NHI chromosomes map
Human Chromosomes frequencies.
ftp web site
The files downloaded contain: Gene name, Chromosomal position, AC, Swiss-Prot Entry name, MIM code, Description and are well formatted for import in Excel specifying TAB separator as rule for import.
Use this link to see the Human chromosome original files download from Expasy
The file downloaded do not contain the protein sequence in amino acid that we contruct manually starting from the column "Swiss-Prot Entry name" and using a Perl Script.
Some proteins appear duplicated.
The script download the FLAT file for each protein and put them one after the other in one single file for the chromosome considered.
The sequence is used to calculate the relative frequency for each amino acid within the protein, within the chromosomes.

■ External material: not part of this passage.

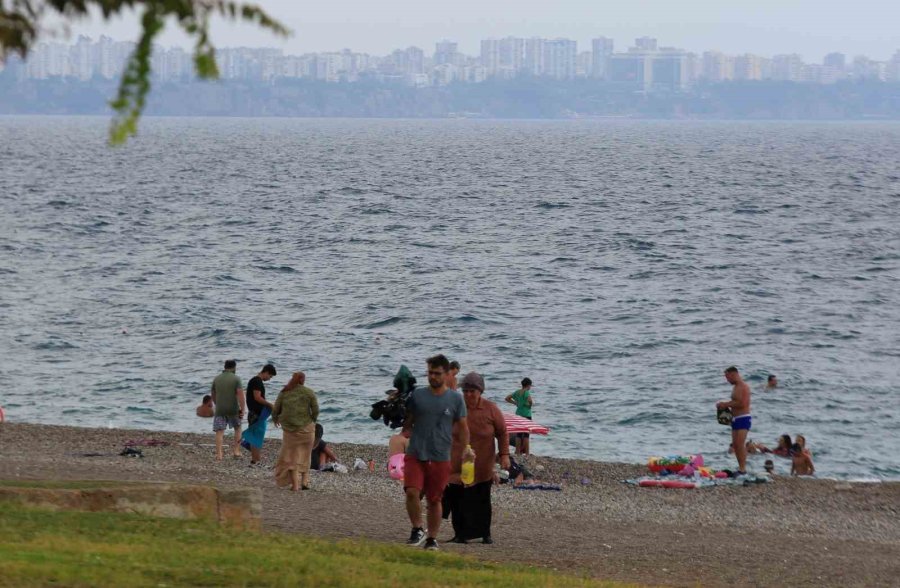 Konyaaltı’nda Denizin Keyfini Çıkartan Vatandaşlara Yağış Sürprizi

R is used to create the density charts, to make the Kruskal-Wallis analysis and the Wilcoxon rank sum test with continuity correction automatically for each chromosome in a structurated way.
The R script divides the resulting data in directory, one for each chromosome.
The distribution of the amino acids within the chromosomes is not random. Some chromosomes
produce more AA of a certain type, others have a different distribution.
Our target is to understend this different behavior and study the single amino acid distribution within the chromosome in order to compare it with the more general distribution on the same amino acid on the whole human proteins.